How many of you drive yourselves crazy every year trying to have a Martha Stewart's Christmas? You know who you are. And you know as hard as you try you're never able to achieve it. It always turns out to be an Erma Bombeck Christmas doesn't it?
I have a letter here that Martha Stewart sent to Erma Bombeck.
Hi Erma,
This perfectly delightful note is being sent on paper I made myself to tell you what I have been up to. Since it snowed last night, I got up early and made a sled with old barn wood and a glue gun. I hand painted it in gold leaf, got out my loom, and made a blanket in peaches and mauves. Then to make the sled complete, I made a white horse to pull it, from DNA molecules that I had just sitting around in my craft room.

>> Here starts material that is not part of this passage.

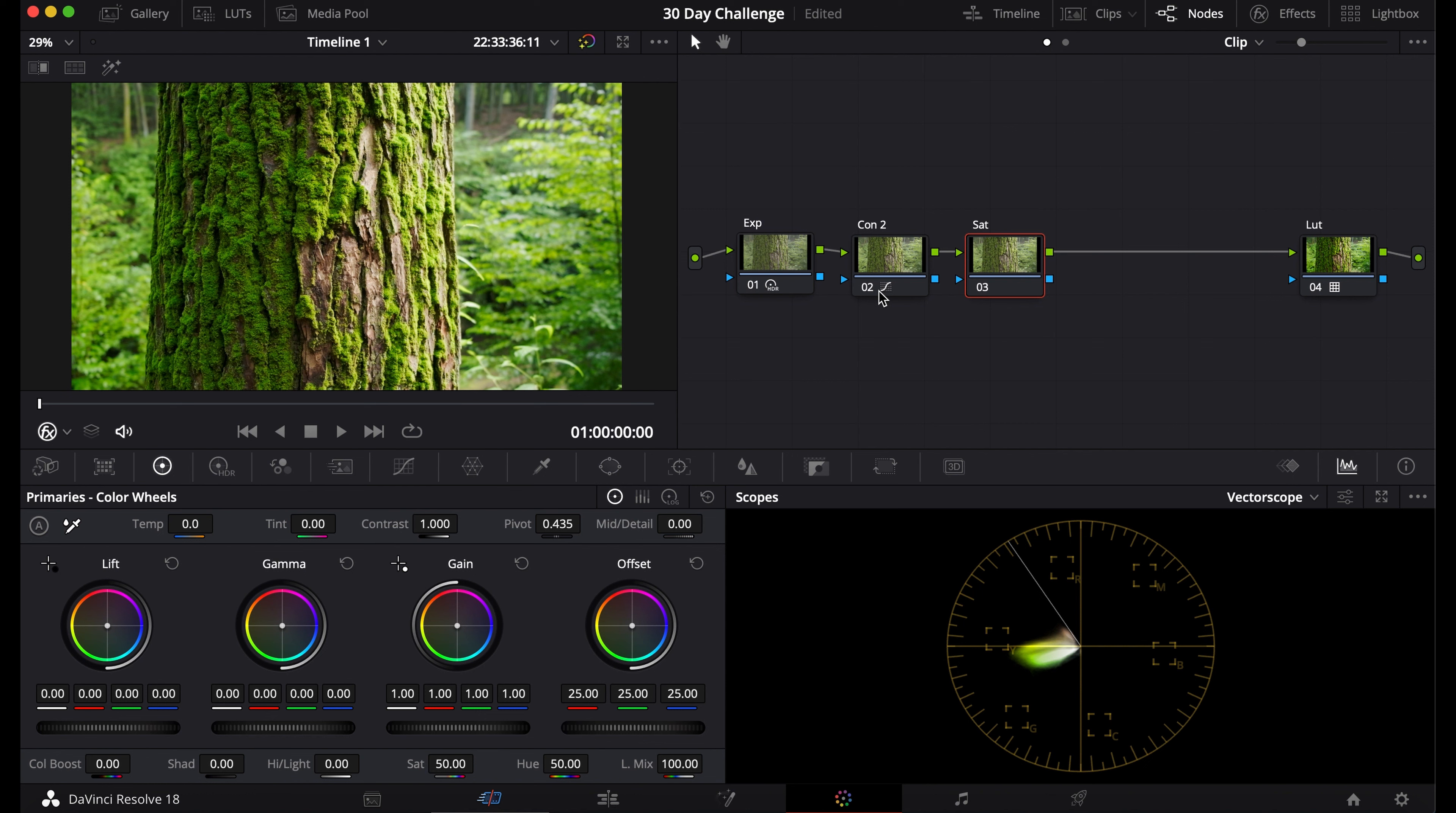I forgot to add a node before this—the tint and temperature node. If you want to learn how to do that, I'll put the video up next. If you haven't seen how to add exposure or contrast, I recommend doing that first before adding saturation. If you have any questions, leave them in the comments below.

By then, it was time to start making the place mats and napkins for my 20 breakfast guests. I'm serving the old standard Stewart twelve-course breakfast, but I'll let you in on a little secret: I didn't have time to make the tables and chairs this morning, so I used the ones I had on hand.
Before I moved the table into the dining room, I decided to add just a touch of the holidays. So I repainted the room in pinks and stenciled gold stars on the ceiling. Then, while the homemade bread was rising, I took antique candle molds and made the dishes (exactly the same shade of pink) to use for breakfast. These were made from Hungarian clay, which you can get at almost any Hungarian craft store.
Well, I must run. I need to finish the buttonholes on the dress I'm wearing for breakfast. I'll get out the sled and drive this note to the post office as soon as the glue dries on the envelope I'll be making. Hope my breakfast guests don't stay too long, I have 40,000 cranberries to string with bay leaves before my speaking engagement at noon.
Love, Martha Stewart
P.S. When I made the ribbon for this typewriter, I used 1/8-inch gold gauze. I soaked the gauze in a mixture of white grapes and blackberries which I grew, picked, and crushed last week just for fun.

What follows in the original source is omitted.